By Harendra Alwis
Invisible buttons and movie clips
This week we will cover a few frame actions as promised, but in the mean
time I'll help you peep into the wonderfully creative stuff you can do
with buttons. To give you a brief insight into what we are going to do
this week, just let me tell you that buttons are not there simply for navigation
or to perform certain tasks, you can have as much fun with buttons as you
can with flash movies - just let me tell you how. In the mean time this
will also give you a chance to flex your muscles on flash movies. So have
a good workout.
Let me first introduce you to 'Invisible Buttons'. This is nothing special,
just a regular button, but without any 'Up', 'Over' or 'Down' state specified.
This will be clear to you if you actually take a look at the timeline for
a button symbol where you draw the shape of the button on a Keyframe on
the 'Hit' state and leave the rest of the frames blank. Drag an instance
of this button on to your stage. There the button will appear light blue
but when you test the movie (Ctrl+Enter or Control>Test Movie) you won't
see anything (well I did say that we were creating an invisible button
right?) Invisible buttons have the same capabilities as any other button,
so you can assign them the same actions and behaviours except the 'Up',
'Over' or 'Down' states because of the simple reason that they are invisible.
These are also known as 'ghost buttons' and as the name suggests, you
can do some spooky stuff with them. So give your creativity a field day
and tell me what you come up with. Reader Prageeth Thoradeniya sent in
one of his Flash experiments, which was very good for starters. So if you
have anything Flashy to show feel free to email them to Techno Page.
I'll leave you to experiment with buttons, and move on to movie clips.
If you thought that working with buttons was exciting, wait till you get
to the movie clips! There is not as much interactivity with movies as with
buttons, but Flash is more famous for its movies than for anything else.
Just recall the basics we learned about using symbols and tweening methods,
as they will come in handy when you are working with movies.
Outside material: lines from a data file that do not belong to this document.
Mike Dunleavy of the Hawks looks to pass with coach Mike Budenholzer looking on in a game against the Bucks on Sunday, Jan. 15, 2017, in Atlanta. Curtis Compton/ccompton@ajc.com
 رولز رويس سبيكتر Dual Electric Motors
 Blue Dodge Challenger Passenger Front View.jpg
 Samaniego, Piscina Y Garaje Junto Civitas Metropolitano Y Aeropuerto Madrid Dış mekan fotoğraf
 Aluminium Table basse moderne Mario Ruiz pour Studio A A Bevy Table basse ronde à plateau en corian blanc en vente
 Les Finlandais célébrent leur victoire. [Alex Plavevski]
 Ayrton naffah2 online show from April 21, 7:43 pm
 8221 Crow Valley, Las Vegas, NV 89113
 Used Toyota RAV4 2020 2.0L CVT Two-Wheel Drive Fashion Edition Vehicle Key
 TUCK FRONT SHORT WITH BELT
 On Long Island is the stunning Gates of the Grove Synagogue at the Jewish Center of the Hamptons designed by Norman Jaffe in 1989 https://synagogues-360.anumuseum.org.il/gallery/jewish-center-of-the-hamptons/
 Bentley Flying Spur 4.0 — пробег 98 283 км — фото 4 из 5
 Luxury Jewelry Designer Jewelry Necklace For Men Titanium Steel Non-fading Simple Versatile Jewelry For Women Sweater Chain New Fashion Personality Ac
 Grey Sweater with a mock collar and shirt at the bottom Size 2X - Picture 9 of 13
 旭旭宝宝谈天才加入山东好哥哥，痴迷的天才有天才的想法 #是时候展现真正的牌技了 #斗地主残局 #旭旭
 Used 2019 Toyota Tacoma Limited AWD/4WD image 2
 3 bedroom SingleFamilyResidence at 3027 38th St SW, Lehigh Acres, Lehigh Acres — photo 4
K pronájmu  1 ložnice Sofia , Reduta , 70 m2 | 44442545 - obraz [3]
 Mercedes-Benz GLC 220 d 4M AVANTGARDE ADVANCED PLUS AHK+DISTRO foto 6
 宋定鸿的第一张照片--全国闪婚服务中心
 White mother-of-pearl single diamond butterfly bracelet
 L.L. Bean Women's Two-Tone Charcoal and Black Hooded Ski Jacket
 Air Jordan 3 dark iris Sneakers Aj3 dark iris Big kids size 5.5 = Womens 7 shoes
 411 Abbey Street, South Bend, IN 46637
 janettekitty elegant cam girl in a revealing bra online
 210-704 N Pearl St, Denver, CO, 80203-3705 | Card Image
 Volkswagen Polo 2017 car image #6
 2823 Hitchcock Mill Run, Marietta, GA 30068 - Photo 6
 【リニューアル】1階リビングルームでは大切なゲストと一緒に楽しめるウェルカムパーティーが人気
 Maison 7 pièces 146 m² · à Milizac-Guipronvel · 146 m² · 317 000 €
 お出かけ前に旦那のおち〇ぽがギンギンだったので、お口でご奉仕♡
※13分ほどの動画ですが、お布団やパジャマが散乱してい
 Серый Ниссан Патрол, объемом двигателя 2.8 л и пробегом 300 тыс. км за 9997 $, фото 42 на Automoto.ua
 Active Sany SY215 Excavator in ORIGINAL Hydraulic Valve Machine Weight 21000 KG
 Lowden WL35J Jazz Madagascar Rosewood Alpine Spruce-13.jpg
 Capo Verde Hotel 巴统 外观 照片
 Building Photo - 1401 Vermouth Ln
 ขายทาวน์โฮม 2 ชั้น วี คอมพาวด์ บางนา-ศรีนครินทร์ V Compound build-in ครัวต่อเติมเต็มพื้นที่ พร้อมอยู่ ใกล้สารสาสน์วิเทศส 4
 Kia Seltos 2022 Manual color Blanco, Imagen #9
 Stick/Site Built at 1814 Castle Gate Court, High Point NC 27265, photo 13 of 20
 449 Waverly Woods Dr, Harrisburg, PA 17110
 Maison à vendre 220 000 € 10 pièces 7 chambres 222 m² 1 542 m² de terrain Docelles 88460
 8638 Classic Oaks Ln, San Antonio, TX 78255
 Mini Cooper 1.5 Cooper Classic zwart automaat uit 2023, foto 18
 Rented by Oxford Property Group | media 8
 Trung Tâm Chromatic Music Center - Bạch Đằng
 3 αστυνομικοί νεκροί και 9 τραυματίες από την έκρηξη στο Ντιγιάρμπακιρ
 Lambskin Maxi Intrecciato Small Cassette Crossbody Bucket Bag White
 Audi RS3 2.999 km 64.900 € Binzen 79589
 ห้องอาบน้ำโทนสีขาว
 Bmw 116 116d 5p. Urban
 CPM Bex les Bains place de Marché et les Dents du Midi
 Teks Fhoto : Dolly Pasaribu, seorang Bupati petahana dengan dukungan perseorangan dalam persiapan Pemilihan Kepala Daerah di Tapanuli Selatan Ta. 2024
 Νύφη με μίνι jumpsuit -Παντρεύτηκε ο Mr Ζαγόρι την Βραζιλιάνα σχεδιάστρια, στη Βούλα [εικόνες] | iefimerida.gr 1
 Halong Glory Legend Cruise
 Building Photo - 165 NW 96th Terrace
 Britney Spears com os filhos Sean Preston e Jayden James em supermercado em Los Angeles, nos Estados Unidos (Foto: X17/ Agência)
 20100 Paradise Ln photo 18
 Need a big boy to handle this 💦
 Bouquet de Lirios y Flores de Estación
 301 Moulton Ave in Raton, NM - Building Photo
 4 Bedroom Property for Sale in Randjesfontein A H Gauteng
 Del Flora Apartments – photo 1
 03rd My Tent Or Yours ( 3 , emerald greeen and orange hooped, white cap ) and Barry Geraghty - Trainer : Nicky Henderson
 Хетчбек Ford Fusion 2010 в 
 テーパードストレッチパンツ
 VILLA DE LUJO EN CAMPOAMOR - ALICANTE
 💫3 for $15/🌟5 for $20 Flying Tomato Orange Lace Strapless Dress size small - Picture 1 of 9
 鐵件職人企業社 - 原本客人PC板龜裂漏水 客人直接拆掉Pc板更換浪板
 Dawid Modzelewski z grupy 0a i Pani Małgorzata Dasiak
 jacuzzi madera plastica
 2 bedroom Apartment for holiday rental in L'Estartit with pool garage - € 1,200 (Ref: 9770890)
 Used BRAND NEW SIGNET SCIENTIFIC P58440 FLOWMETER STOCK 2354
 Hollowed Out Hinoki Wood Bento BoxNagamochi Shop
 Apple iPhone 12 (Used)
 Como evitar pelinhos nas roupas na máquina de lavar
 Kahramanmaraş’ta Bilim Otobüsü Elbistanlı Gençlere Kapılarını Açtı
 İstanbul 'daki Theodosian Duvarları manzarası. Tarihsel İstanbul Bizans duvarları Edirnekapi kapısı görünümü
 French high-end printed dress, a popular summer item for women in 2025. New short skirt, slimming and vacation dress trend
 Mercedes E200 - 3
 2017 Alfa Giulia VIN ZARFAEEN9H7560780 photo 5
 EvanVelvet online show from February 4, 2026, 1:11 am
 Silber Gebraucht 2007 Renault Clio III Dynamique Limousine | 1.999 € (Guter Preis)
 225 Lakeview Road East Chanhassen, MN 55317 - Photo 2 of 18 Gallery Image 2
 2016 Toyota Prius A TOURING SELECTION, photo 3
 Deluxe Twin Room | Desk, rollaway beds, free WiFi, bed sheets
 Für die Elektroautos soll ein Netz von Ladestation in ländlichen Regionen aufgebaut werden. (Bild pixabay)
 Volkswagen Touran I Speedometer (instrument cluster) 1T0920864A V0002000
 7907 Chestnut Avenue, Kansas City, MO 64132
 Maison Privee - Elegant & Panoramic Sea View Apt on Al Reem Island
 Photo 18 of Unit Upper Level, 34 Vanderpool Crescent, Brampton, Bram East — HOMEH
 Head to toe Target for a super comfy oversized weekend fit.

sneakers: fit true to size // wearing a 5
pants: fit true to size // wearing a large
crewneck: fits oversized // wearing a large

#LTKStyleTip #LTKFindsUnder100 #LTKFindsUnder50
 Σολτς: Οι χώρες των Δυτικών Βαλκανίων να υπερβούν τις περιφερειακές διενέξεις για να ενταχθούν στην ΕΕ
So put on
your seatbelts because we are going to create something really cool and
simple with flash.
Open a new movie. In first keyframe type anything of your choice (For
example you can type 'Techno Page'). Now turn this into a graphic symbol.
You can do so by selecting the text and pressing 'F8', then giving it a
name of your choice and selecting 'Graphic' as the behaviour type. To add
a simple animation, we will turn it into a movie clip. So select it again,
press 'F8' and this time select 'Movie Clip' as the behaviour type before
you press 'Ok'. It will help, if we name this layer at this point. You
can give the layer any name you want, but make sure that name won't add
to the confusion.
Now you can either right-click the text clip and choose 'Edit in place'
or just double-click it to get into the movie clips' timeline. Rename 'Layer
1' as 'Text Clip' to show that you are editing the movie clip symbol. Then
create keyframes on frame 10, 20 and 30. At frame 10 and 20, chose 'Effect'
panel to change the colour of the text at each point. Then right-click
on any of the frames in-between and chose 'Create Motion Tween' to animate
the colour changes.
Now while you are still in the symbol-editing mode add another timeline
and name it 'Action Script'. Then double-click the first frame where you'll
get the 'Frame Actions' dialog box. There, click on 'Actions' (not 'Basic
Actions') and double click 'Start Drag'. Then you will see the code being
added in the immediate frame. Select the code-line that was added (if it
is not already selected) and you will see additional fields to be filled.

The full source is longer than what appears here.